Everything in the data except the pictures belongs in your answer, copied exactly.
(DATA SEGMENT Opens)
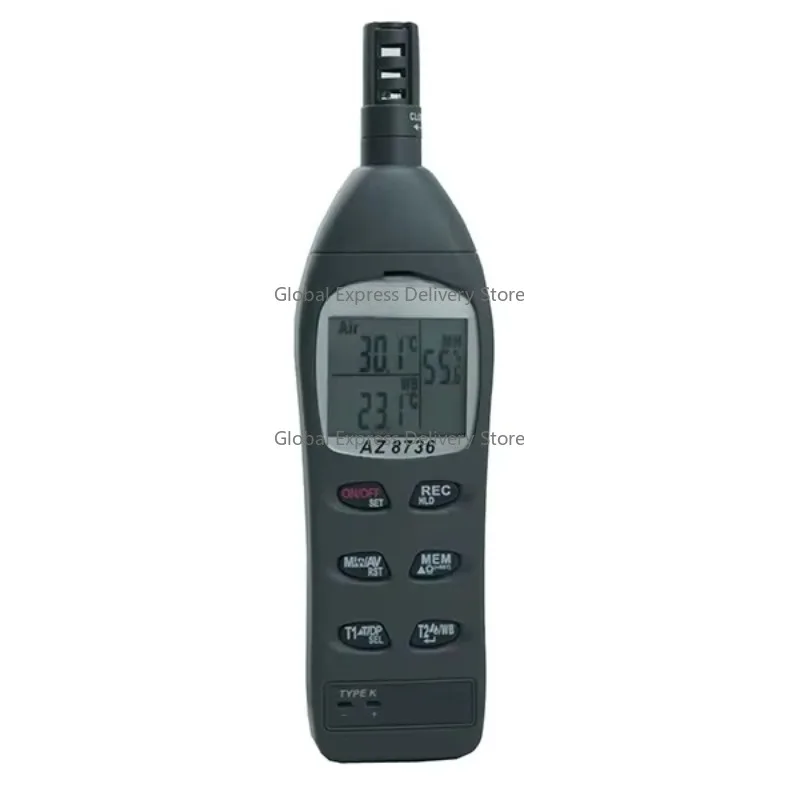 Digital Hygrometer with Single K Thermocouple: Psychrometer for Dew Point, Wet Bulb Temperature & Humidity Weather Testing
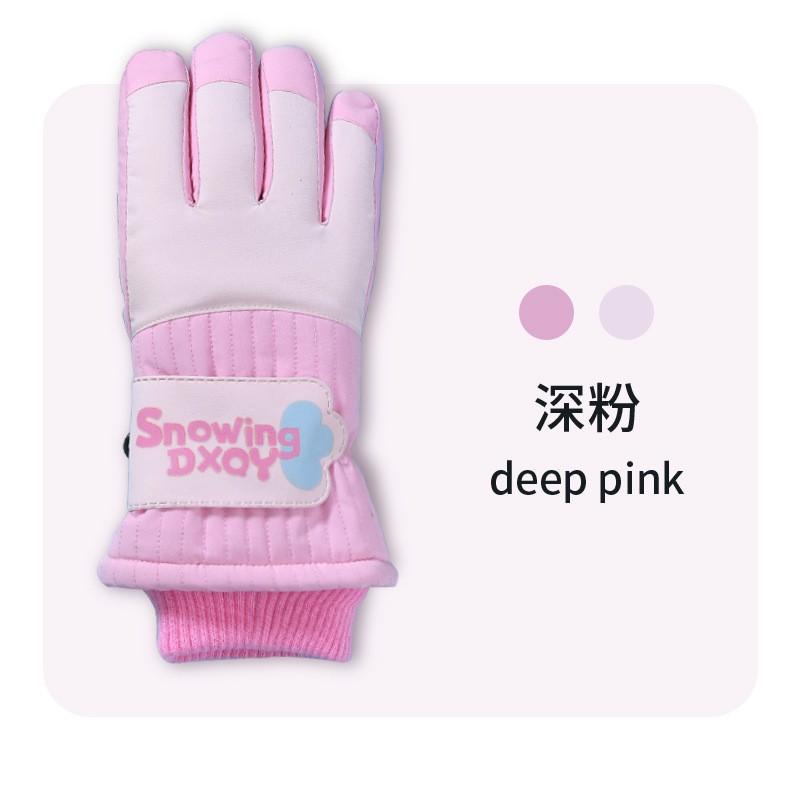 Kids Ski Gloves With Cartoon Space Print Warm Fleece Lined Touchscreen Windproof Winter Mittens Boys Girls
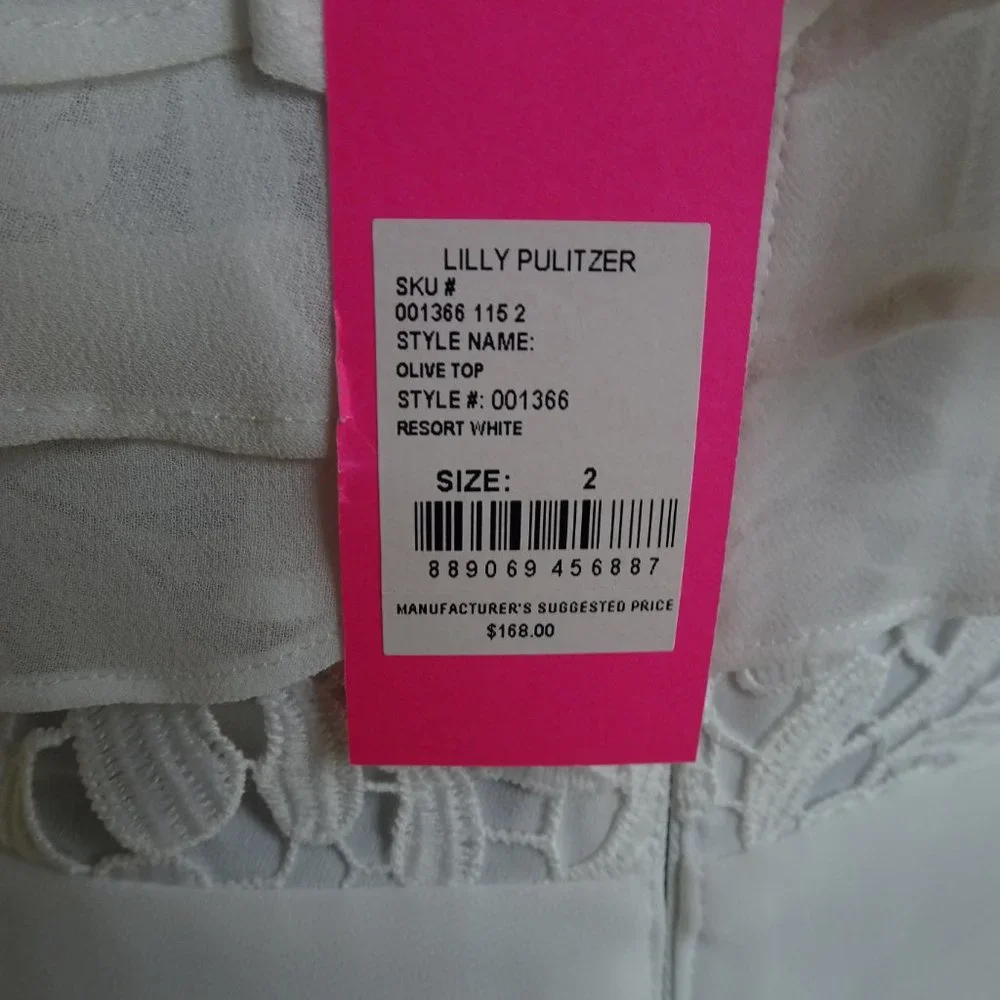 Lilly Pulitzer White Olive Top Size 2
(DATA SEGMENT Closes)
§ **ANSWER TO THE PROBLEM**
 Digital Hygrometer with Single K Thermocouple: Psychrometer for Dew Point, Wet Bulb Temperature & Humidity Weather Testing
 Kids Ski Gloves With Cartoon Space Print Warm Fleece Lined Touchscreen Windproof Winter Mittens Boys Girls
 Lilly Pulitzer White Olive Top Size 2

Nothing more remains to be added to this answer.